— THE TASK —
Go through the material below and copy all lines with "white".

— EXERCISE INPUT —
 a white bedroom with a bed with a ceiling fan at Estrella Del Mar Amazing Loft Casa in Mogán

--

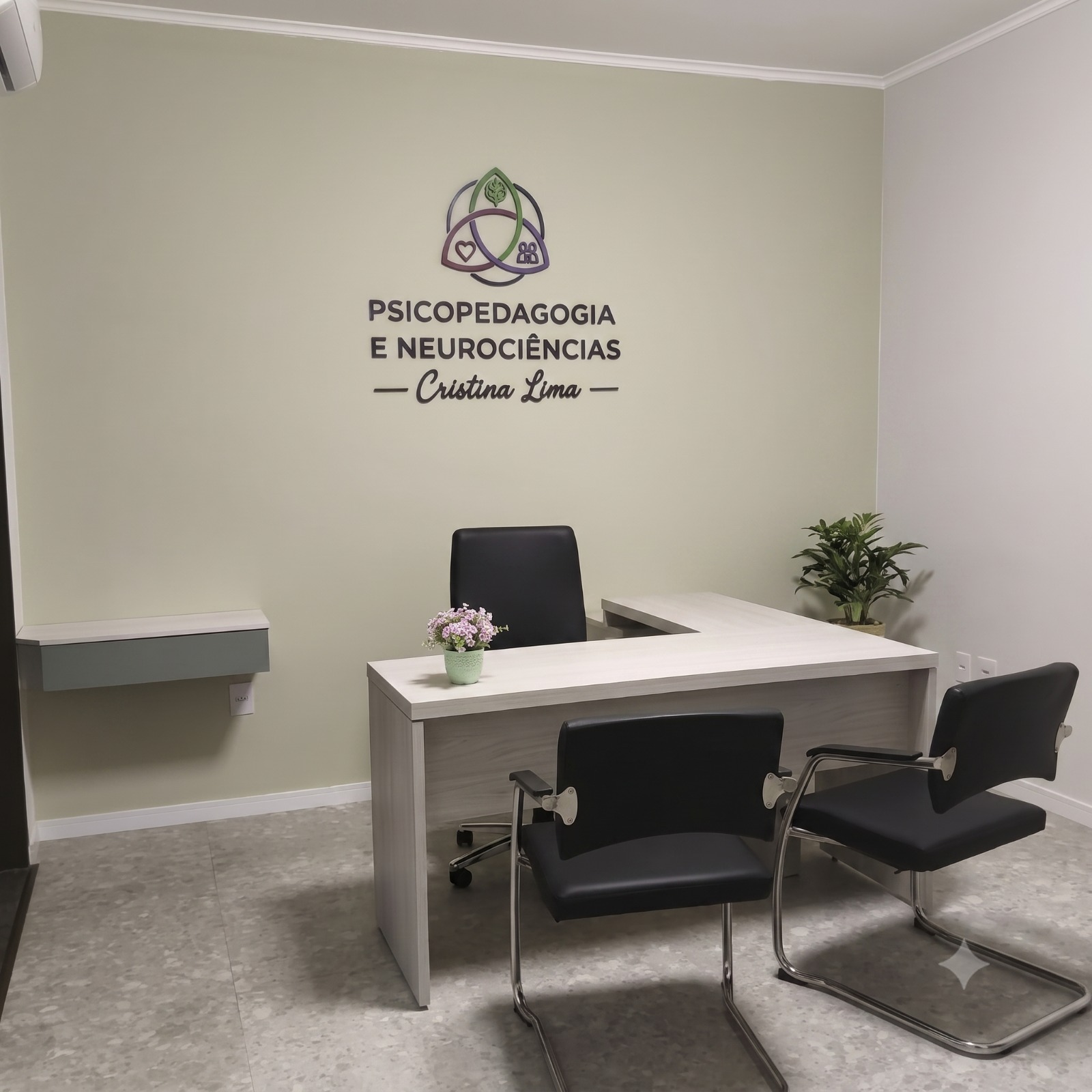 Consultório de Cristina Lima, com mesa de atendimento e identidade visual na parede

---

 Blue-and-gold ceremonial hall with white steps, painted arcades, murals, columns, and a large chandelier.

— TASK ANSWER —
 a white bedroom with a bed with a ceiling fan at Estrella Del Mar Amazing Loft Casa in Mogán
 Blue-and-gold ceremonial hall with white steps, painted arcades, murals, columns, and a large chandelier.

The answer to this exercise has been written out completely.